Publicado pela conceituada Editora Brasiliense (213 páginas), o livro tem leitura agradável e rápida. Ricamente documentado com citações de importantes estudiosos do arabismo e do conflito árabe-israelense, o trabalho de Soliman aborda questões importantes e polêmicas, entre elas o projeto sionista antes do Congresso da Basiléia; as figuras do jogo político do Oriente Médio até a proclamação do Estado de Israel, como Palmerston, Herbert Samuel, Balfour etc; aborda a questão dos acordos da Agência Judaica com os nazistas durante a Segunda Guerra Mundial; analisa as posições dos governos reacionários árabes em 1947 e as sucessivas guerras que ocorreram na Palestina com os israelenses (1948, 1956, 1967 e 1973).

Aproveitando uma frase de Issac Deutcher, "a vitória pode fazê-los cavar seu próprio túmulo", no capítulo VI Soliman mostra a capacidade da liderança árabe, que mesmo saindo eventualmente derrotada de uma guerra ainda pode se manter no poder. Foi assim com Gamal Abdal Nasser, no Egito e parece estar sendo assim novamente com o atual presidente do Iraque, Saddam Hussein.
É lamentável, mas em várias passagens há problemas de tradução e parece que o departamento de revisão ortográfica da brasiliense cochilou, tamanho número de erros de impressão.

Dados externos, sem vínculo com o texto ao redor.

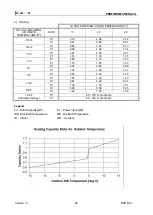 Preview for 22 page of Airwell JSP060040 Service Manual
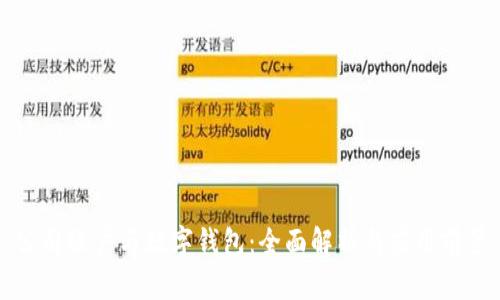 公司賬戶與數字錢包：全面解析與應用前景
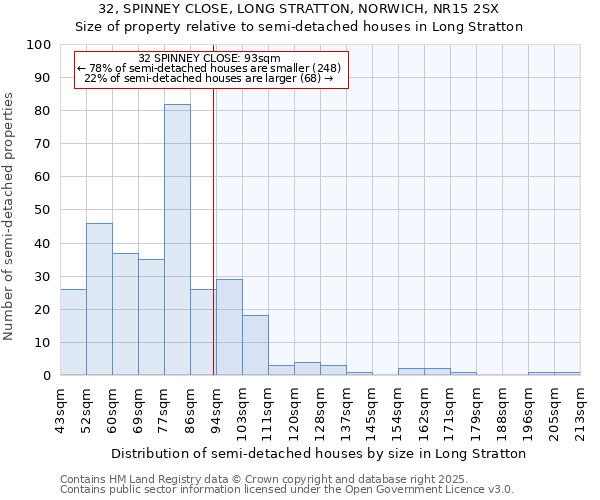 32, SPINNEY CLOSE, LONG STRATTON, NORWICH, NR15 2SX: Size of property relative to semi-detached houses houses in Long Stratton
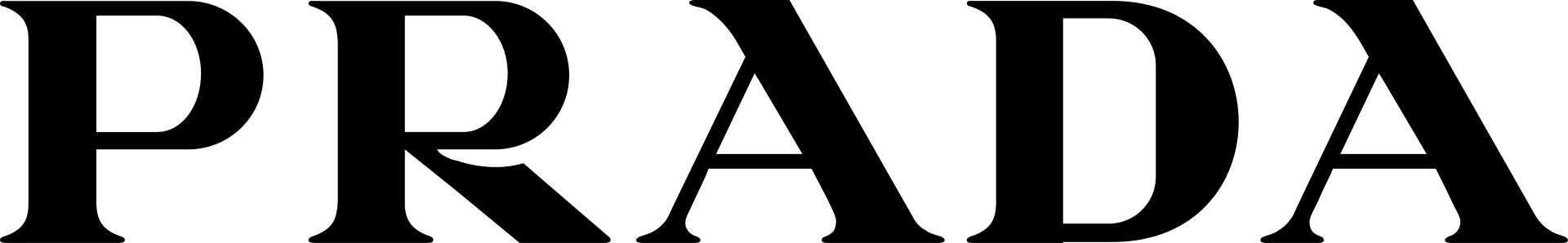Image from Wikipedia
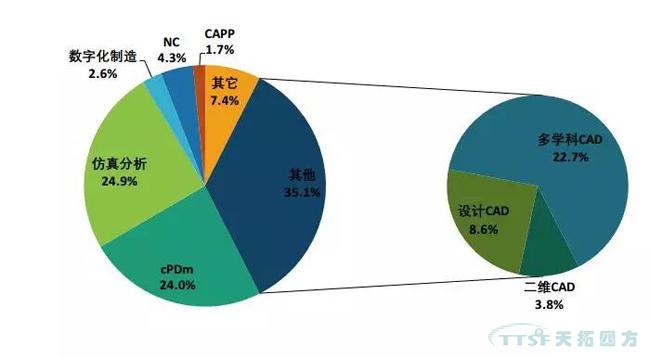 2017-2018全球及中國PLM市場(chǎng)發(fā)展動(dòng)態(tài)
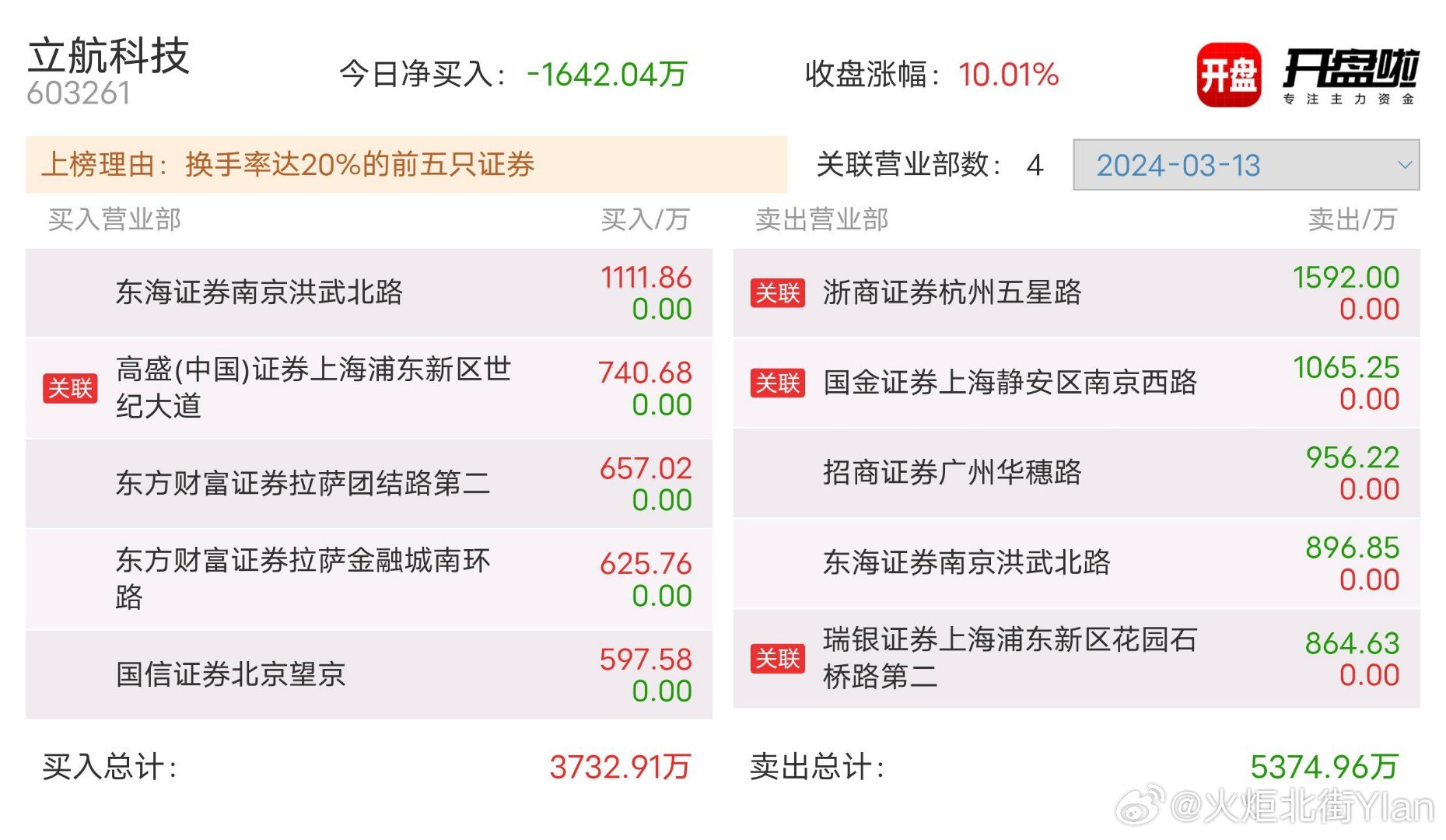 澳門 第39頁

Mas nada disso, evidentemente, tirará a importância desta obra.

Nos capítulos finais, além de fazer uma análise da tática da OLP para a conquista dos seus objetivos estratégicos, sempre criticando os erros da liderança árabe, o livro ainda traz dois anexos importantes para o conhecimento histórico do Oriente Médio: as Declarações de Independência e Proclamação dos Estados de Israel (em 1948) e da Palestina (em 1988).

Na parte que trata dos acordos com os nazistas, ficará estarrecido o leitor com a quantidade de fatos e de atitudes concretas da parte da liderança sionista, que tudo fez para apressar a migração judaica para a Palestina. É de Ben Gurion, fundador do Estado de Israel, a seguinte frase: "(…) se me fosse dada a possibilidade de escolher entre salvar todas as crianças judias da Alemanha, levando-as para a Inglaterra ou salvar apenas metade delas levando-as para Eretz-Israel (grande Israel), eu optaria pelo segundo termo da alternativa, pois devemos considerar não só as vidas dessas crianças, mas igualmente a história do povo de Israel” (1) (sic, grifos nossos).
Por esses e tantos outros exemplos citados no livro, esta obra passa a ser de leitura obrigatória a todos os que querem emprestar sua solidariedade ao povo palestino e para os estudiosos da questão em geral.

Lejeune Mato Grosso de Carvalho

Um mosaico de lutas

O Século do Vento. Eduardo Galeano. Editora Nova Fronteira, 1988. 349 pp.

O Século do Vento encerra a trilogia Memória do Fogo. Revive para o leitor a história densa e vibrante da América, sobretudo da América Latina de 1900 a 1984, contada com originalidade através de pequenas notas cronológicas, desde ocorridos em pequenas aldeias até nas grandes cidades. Forma-se um mosaico de luta e de opressão, de rebeldia sem fim. O livro mostra que, desde cedo, o imperialismo norte-americano dominou minas e plantações, organizou massacres e contra-revoluções, patrocinou golpes e ditadores-generais tão sanguinários quanto servis, em todos os recantos da América Latina. Homens como Zapata, Pancho Villa, Sandino, Farabundo Marti, Che Guevara, Fidel Castro e outros protagonizaram movimentos em que camponeses, índios, proletários e intelectuais insurgiram-se, revolucionários, contra as garras que asfixiavam a liberdade e os direitos do povo.

Mas a América também é retratada pelo seu lado de emoção e sonho na arte de Diego Rivera e Orozco, na música de Gardel, Louis Armstrong e Chico Buarque, nas palavras inconformadas de Garcia Marques, John Reed e Pablo Neruda, na ousadia da vida de Isadora Duncan, Evita Perón e Olga Benário.

Eduardo Galeano, jornalista e escritor uruguaio, misturou história, documento e poesia em O Século do Vento. O resultado só pode apaixonar aqueles que buscam identificar-se com a tragédia e a grandeza que envolvem povos e nações latino-americanas.